The situation is even more dire in Texas, where the Senate has a chance to fill three vacancies in the Eastern and Western Districts. The Western District judgeship has been vacant since 2008, and the Judicial Conference has asked for five new judgeships there to carry the load on top of filling all the existing vacancies. Chief Judge Fred Biery discussed the need for new judges last year, saying, "It would be nice to get some help. We are pedaling as fast as we can on an increasingly rickety bicycle." Judge David Ezra, formerly of Hawaii, explained why he was moving to Texas to hear cases in the Western District: "This is corollary to having a big wild fire in the Southwest Border states, and fire fighters from Hawaii going there to help put out the fire."

The Eastern District of Texas is in similar need of getting its vacancies filled during the lame duck: Of the nation's 94 federal districts, only two have had more weighted filings per judgeship than the Eastern District, according to the Administrative Office of U.S. Courts' most recent statistics.
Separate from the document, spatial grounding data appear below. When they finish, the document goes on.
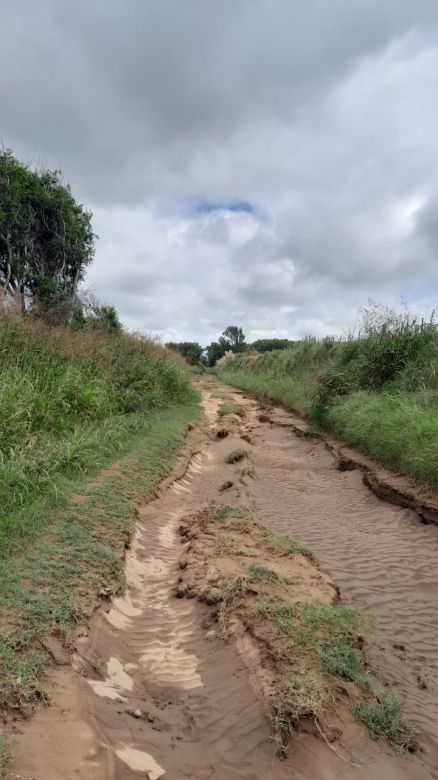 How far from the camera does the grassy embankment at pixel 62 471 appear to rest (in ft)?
10.5

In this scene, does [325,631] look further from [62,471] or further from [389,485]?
[389,485]

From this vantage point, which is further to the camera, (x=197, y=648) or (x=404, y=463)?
(x=404, y=463)

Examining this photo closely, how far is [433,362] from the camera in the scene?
1127 cm

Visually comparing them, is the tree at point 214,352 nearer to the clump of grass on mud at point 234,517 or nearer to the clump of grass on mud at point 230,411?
the clump of grass on mud at point 230,411

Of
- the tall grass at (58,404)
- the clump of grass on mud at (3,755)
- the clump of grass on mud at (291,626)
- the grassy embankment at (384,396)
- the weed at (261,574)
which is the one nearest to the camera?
the clump of grass on mud at (3,755)

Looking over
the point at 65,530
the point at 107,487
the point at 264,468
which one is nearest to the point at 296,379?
the point at 264,468


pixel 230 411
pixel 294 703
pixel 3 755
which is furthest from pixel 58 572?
pixel 230 411

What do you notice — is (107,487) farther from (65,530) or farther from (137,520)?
(65,530)

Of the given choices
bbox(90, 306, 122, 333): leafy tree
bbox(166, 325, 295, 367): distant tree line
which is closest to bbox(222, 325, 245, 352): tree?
bbox(166, 325, 295, 367): distant tree line

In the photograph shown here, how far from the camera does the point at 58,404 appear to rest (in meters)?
7.56

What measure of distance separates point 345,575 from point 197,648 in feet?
6.53

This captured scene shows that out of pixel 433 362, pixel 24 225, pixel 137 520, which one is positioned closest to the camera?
pixel 137 520

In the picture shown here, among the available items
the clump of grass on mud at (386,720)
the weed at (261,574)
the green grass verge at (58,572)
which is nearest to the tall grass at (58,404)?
the green grass verge at (58,572)

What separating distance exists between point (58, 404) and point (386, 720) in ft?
20.7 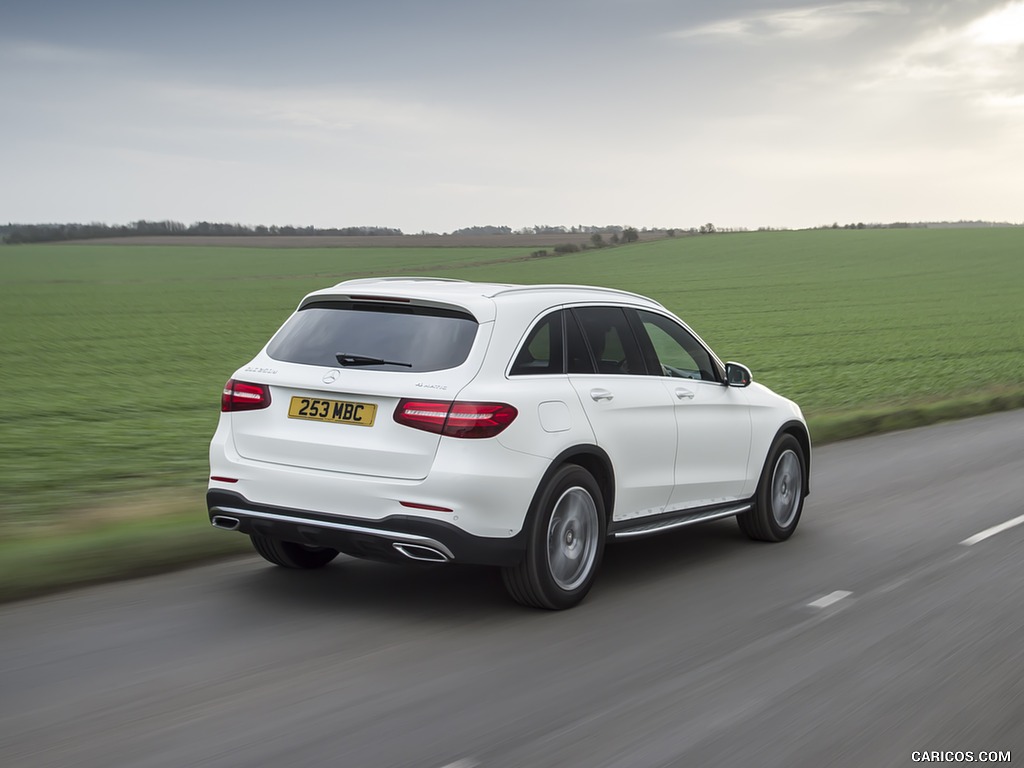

Small wonder, then, that the Judicial Conference has asked for two new judgeships there: Even if every judgeship were filled, that just isn't enough. To make matters worse, two more judges in the Eastern District have announced their intention to retire or take senior status next year, making it all the more important to fill the current vacancies now.

Even if the three nominees are confirmed during the lame duck, as they should be, more vacancies in both of those districts will open up early next year. Texas would still have eight vacancies, a number that would rise to twelve in the next few months.

To express his fury at President Obama and rally his right-wing base, Cruz would work to make sure that all these vacancies remain unfilled, which would hurt a lot of innocent Texans.